---- PROVIDED RECORDS
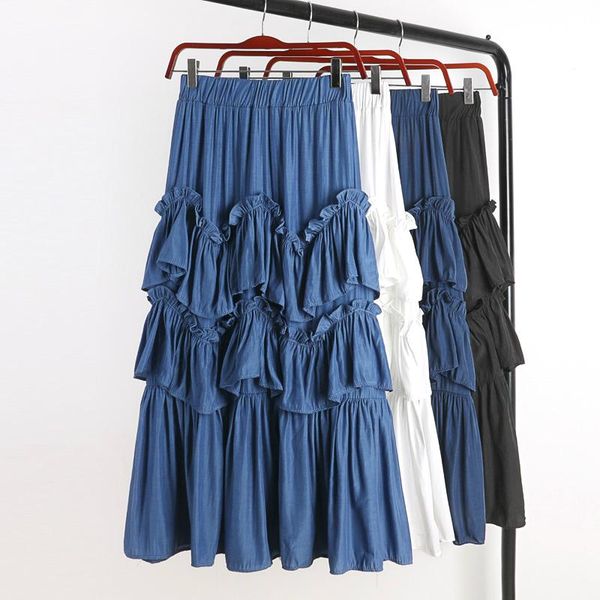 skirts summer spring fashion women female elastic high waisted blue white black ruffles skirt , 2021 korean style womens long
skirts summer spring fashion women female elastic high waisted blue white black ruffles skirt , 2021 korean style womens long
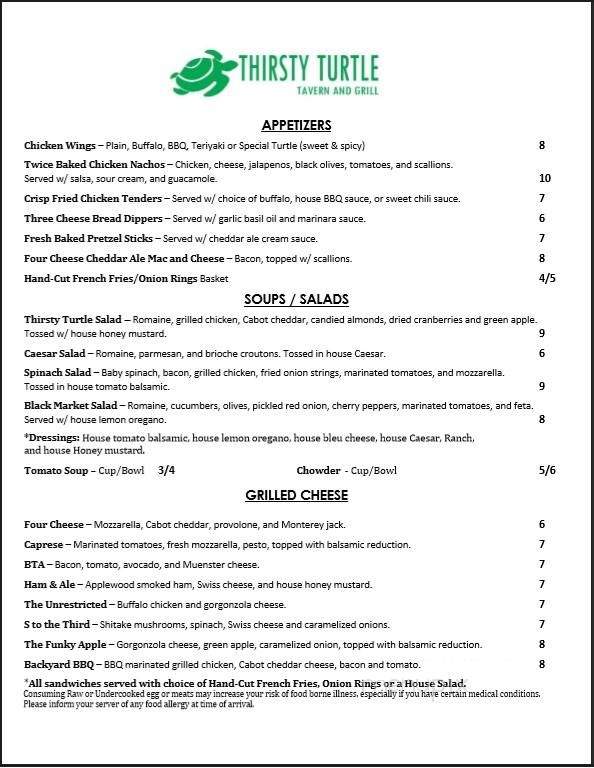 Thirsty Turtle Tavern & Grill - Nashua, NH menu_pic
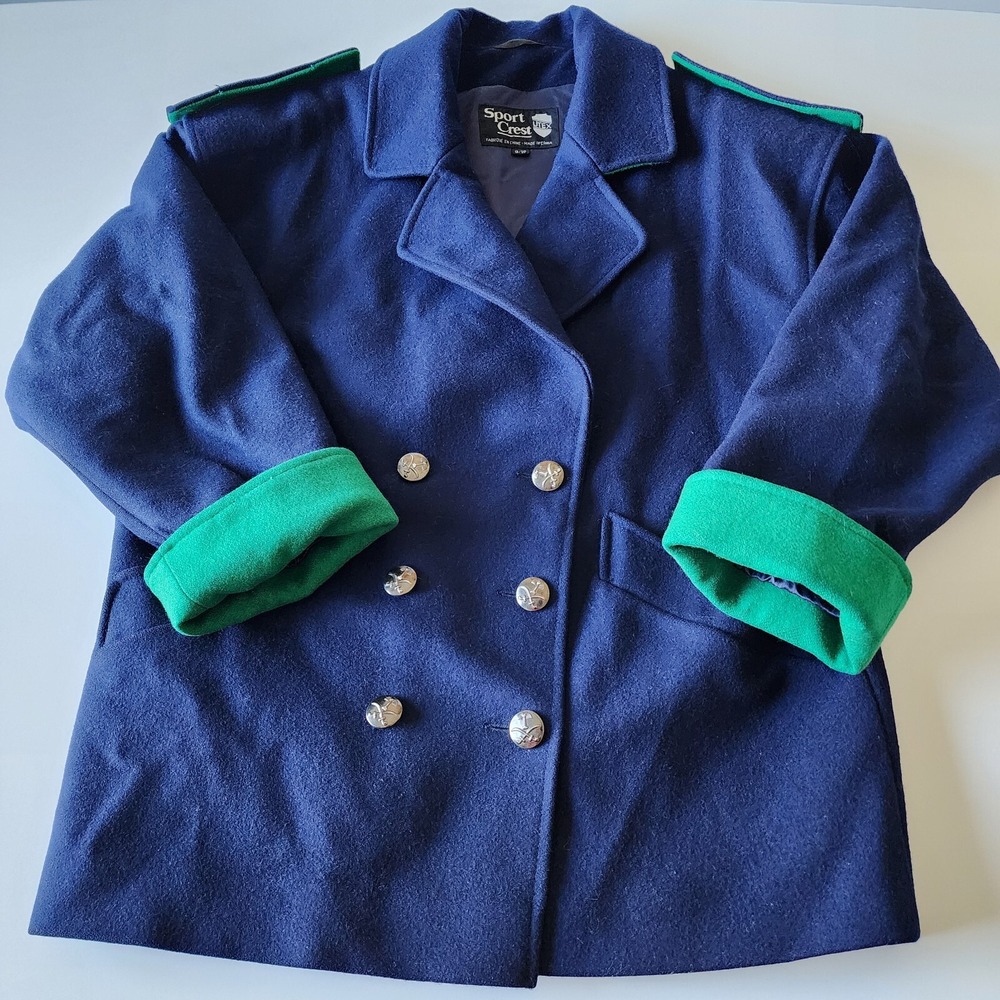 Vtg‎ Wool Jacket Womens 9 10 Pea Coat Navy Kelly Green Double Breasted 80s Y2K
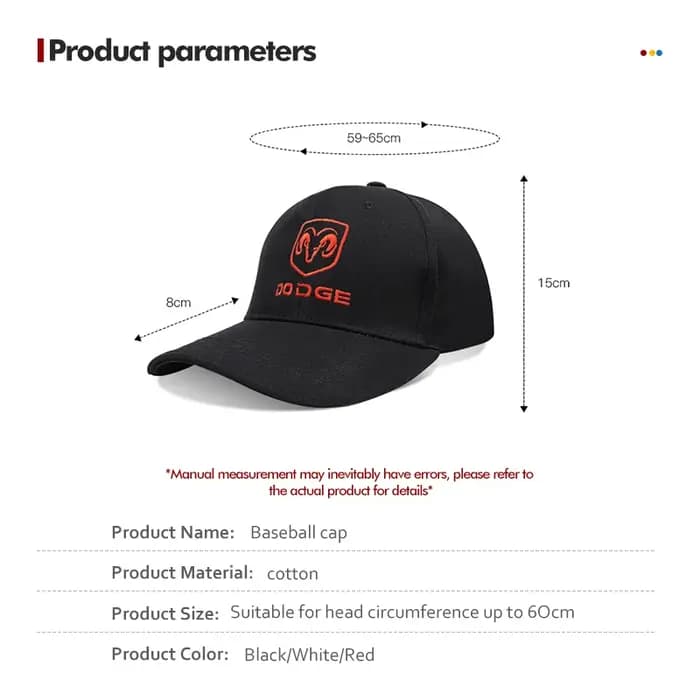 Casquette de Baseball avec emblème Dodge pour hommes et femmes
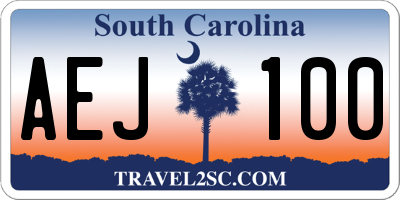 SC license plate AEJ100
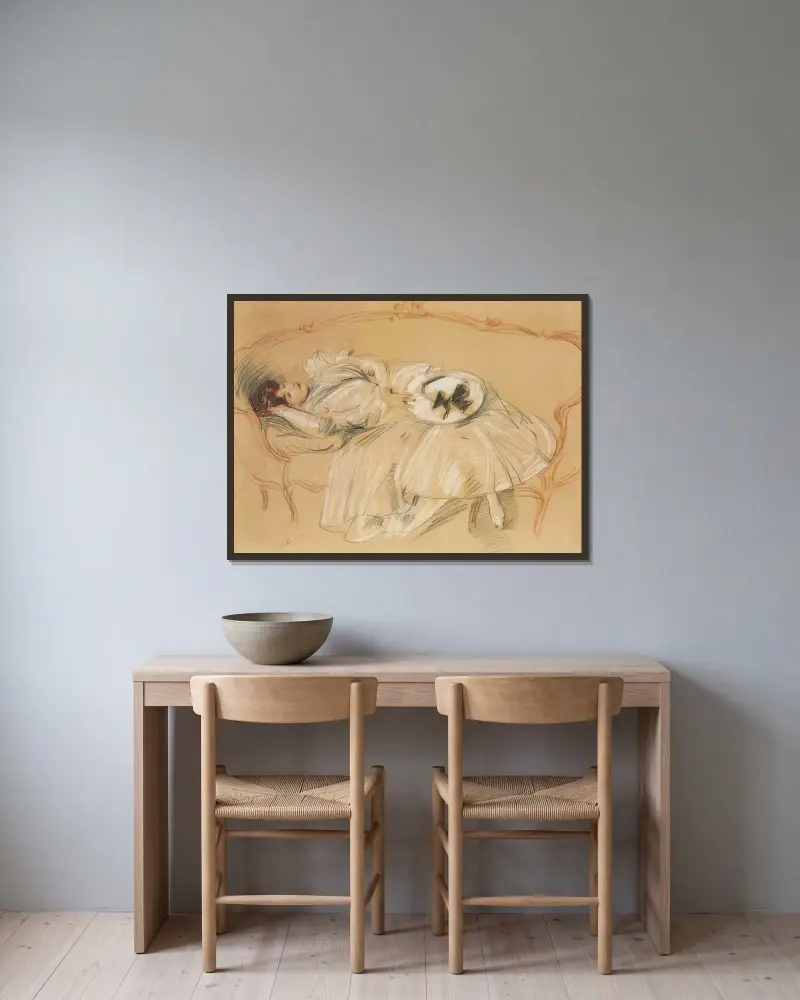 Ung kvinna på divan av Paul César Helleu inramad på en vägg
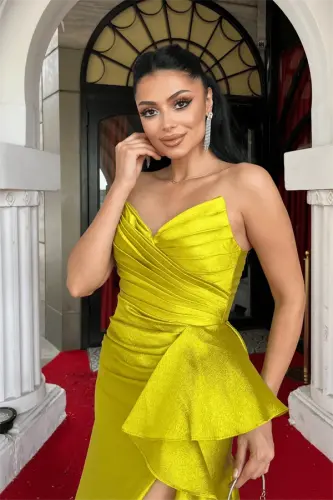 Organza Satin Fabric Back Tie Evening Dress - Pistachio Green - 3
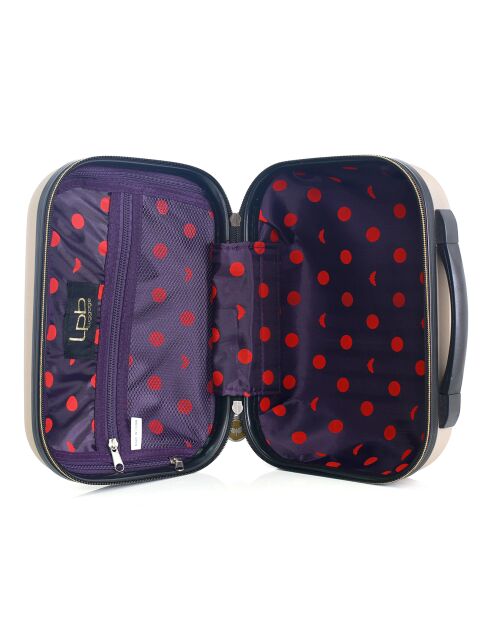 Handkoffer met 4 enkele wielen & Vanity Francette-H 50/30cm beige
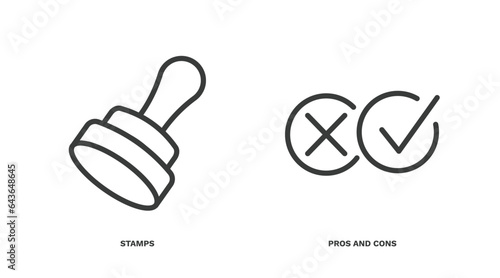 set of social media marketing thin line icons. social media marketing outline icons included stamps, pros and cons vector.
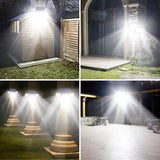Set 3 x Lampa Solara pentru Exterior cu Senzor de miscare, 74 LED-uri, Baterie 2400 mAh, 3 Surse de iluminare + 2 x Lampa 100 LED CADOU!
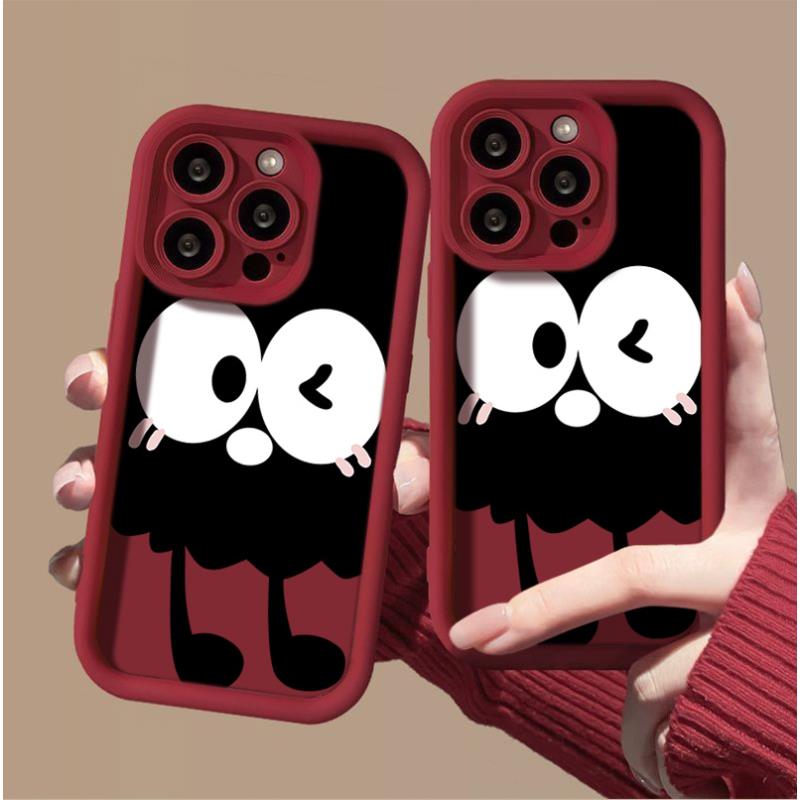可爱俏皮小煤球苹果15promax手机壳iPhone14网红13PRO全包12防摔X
--------
**WHAT YOU SHOULD DO**. None of the pictures belongs in the answer, but all the entries must be repeated exactly.

**EXERCISE ANSWER**.
 skirts summer spring fashion women female elastic high waisted blue white black ruffles skirt , 2021 korean style womens long
skirts summer spring fashion women female elastic high waisted blue white black ruffles skirt , 2021 korean style womens long
 Thirsty Turtle Tavern & Grill - Nashua, NH menu_pic
 Vtg‎ Wool Jacket Womens 9 10 Pea Coat Navy Kelly Green Double Breasted 80s Y2K
 Casquette de Baseball avec emblème Dodge pour hommes et femmes
 SC license plate AEJ100
 Ung kvinna på divan av Paul César Helleu inramad på en vägg
 Organza Satin Fabric Back Tie Evening Dress - Pistachio Green - 3
 Handkoffer met 4 enkele wielen & Vanity Francette-H 50/30cm beige
 set of social media marketing thin line icons. social media marketing outline icons included stamps, pros and cons vector.
Set 3 x Lampa Solara pentru Exterior cu Senzor de miscare, 74 LED-uri, Baterie 2400 mAh, 3 Surse de iluminare + 2 x Lampa 100 LED CADOU!
可爱俏皮小煤球苹果15promax手机壳iPhone14网红13PRO全包12防摔X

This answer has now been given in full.